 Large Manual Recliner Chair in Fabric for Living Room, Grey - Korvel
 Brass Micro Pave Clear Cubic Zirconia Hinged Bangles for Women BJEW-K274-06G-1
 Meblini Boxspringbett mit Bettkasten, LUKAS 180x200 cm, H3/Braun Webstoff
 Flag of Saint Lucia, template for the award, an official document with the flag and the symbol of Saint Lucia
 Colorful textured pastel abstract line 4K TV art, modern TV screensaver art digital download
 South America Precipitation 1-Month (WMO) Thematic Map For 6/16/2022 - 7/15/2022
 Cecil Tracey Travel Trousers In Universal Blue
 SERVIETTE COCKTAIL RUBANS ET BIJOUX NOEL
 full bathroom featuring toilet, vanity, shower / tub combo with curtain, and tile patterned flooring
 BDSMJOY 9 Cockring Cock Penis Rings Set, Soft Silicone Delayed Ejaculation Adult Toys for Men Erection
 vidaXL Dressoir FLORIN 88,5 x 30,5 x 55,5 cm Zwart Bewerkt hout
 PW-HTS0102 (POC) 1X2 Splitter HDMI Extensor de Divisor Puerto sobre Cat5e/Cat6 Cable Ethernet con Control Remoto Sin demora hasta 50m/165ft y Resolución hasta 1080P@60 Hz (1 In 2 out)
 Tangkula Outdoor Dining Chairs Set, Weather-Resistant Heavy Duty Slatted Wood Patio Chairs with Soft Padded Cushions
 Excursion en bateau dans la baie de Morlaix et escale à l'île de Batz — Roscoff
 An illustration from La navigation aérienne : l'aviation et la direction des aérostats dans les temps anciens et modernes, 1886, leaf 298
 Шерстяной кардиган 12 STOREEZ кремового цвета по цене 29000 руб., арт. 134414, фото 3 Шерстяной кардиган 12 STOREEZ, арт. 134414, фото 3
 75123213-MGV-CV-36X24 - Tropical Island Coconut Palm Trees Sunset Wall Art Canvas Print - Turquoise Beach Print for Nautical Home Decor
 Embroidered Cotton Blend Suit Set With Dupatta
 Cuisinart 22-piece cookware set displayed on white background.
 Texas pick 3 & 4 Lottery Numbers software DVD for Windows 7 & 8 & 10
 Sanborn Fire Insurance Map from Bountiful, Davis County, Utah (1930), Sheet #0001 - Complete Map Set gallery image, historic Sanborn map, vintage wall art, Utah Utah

_ _ _ _ _ _ _

For each line above that includes "dans", copy the line.

Result of this task:
 Excursion en bateau dans la baie de Morlaix et escale à l'île de Batz — Roscoff
 An illustration from La navigation aérienne : l'aviation et la direction des aérostats dans les temps anciens et modernes, 1886, leaf 298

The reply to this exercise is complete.